Imagine arriving in Thailand for the first time and in your first week here, you notice large numbers of dogs on the sidewalks and curbs, many of them wandering around like vagabonds in search of sustenance. Some of them are severely injured, but they are all homeless and downright downtrodden. They usually spend their days and nights sleeping, too weak to run and play and too frightened of humans to make any sort of connection with them. So you wonder what happened to them. Why are they like this? Not only is this issue prevalent in Bangkok, but also throughout the country.

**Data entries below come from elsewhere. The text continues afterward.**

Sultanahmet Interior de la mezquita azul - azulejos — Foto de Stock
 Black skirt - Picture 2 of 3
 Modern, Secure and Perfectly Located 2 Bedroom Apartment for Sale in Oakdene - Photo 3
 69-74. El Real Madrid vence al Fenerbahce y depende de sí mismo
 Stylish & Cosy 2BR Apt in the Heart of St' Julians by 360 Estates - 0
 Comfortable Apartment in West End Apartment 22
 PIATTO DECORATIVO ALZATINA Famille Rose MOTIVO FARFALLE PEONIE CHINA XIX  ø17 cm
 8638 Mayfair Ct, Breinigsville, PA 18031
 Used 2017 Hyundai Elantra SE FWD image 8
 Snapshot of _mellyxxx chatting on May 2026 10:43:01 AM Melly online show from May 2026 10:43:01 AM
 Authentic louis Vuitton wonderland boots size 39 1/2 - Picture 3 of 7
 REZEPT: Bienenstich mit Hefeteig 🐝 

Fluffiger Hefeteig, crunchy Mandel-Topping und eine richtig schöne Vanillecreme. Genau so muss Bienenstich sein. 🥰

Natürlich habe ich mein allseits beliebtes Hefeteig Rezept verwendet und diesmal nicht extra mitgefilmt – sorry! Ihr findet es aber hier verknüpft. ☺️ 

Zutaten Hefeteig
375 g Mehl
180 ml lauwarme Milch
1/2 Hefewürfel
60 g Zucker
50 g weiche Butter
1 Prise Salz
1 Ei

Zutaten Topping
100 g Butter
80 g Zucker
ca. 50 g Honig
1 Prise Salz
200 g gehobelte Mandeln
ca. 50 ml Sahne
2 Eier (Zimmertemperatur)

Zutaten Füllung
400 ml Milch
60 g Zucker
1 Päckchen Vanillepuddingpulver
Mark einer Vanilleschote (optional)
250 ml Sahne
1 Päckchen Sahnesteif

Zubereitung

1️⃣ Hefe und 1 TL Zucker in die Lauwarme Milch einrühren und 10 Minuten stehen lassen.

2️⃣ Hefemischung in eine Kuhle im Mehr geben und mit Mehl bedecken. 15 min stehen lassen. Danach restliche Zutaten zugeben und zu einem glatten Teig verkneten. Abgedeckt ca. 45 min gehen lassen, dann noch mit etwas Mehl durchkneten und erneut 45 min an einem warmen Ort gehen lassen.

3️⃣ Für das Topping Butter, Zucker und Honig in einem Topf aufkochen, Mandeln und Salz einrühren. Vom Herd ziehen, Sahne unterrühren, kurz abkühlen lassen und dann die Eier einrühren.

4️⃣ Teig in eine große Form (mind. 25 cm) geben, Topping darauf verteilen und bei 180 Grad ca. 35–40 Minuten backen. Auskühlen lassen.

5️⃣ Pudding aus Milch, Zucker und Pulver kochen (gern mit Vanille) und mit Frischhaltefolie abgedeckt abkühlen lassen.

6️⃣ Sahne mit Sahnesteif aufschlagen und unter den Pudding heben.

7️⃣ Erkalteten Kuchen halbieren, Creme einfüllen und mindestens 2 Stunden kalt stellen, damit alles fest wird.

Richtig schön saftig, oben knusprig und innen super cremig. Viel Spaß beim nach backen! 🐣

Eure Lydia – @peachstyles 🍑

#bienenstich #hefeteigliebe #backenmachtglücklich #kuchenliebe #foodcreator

What is a “soi” you may ask? It’s a narrow side street in Bangkok where street vendors, apartments, and houses are situated (among other things). On these streets you will notice dogs wandering around, sleeping, or eating if they have managed to find food in the garbage or if someone gave them leftover scraps. Cats can be seen as well although the dogs are more conspicuous. No reason to fear them as they are afraid of humans because they have been dumped on the streets- disowned by their caretakers- left to fend for themselves. Why so many of them on the streets? How many of them are there?
Exactly how many strays?
While no exact amount is known experts estimate, in Bangkok alone, around 300,000 dogs. As Gregg Tully, deputy CEO of the Soi Dog Foundation in Phuket, noted: “Dog populations tend to follow human populations.” The more people in a society, the more companion animals will exist. And as increasing numbers of them are abandoned by their owners, once on the streets they mate and, consequently, reproduce rapidly and enormously. The situation then spirals out of control unless something is done to alleviate a growing issue in not only Thailand but in other Asian countries such as Nepal. There Tully raised awareness at a similar animal welfare organization before coming to work in Phuket at Soi Dog Foundation in fall 2012.
When the dogs are puppies, cute and cuddly, they are well cared for but as they age, they become less attractive and more time-consuming, which may result in total neglect and even abuse, in some extreme cases, by the owners. Pet owners may take the dogs and cats to Buddhist temples where they are housed and monitored by the monks and the volunteers who go there to sterilize and feed them as in the case of Soi Dog Foundation volunteers. It’s much easier for many people to leave them recklessly on the streets. The animals then wonder what they did to deserve such rejection and punishment. Therefore, they develop distrust toward humans due to the careless behavior of their former caregivers.
Thankfully, there are organizations making a difference in the community so that this widespread problem can be mitigated. For example, the Soi Dog Foundation in Phuket has worked tirelessly to rescue dogs on the island and in Bangkok. They have a robust sterilization program that prevents the dogs from proliferating, which only exacerbates the issue. The Pet Animal Welfare Society (PAWS) based in Bangkok also does much to care for and to treat both cats and dogs in the megacity. Completely managed by volunteers, both NGOs have made stride in raising awareness so that local people will understand the dire consequences of animal cruelty and abandonment.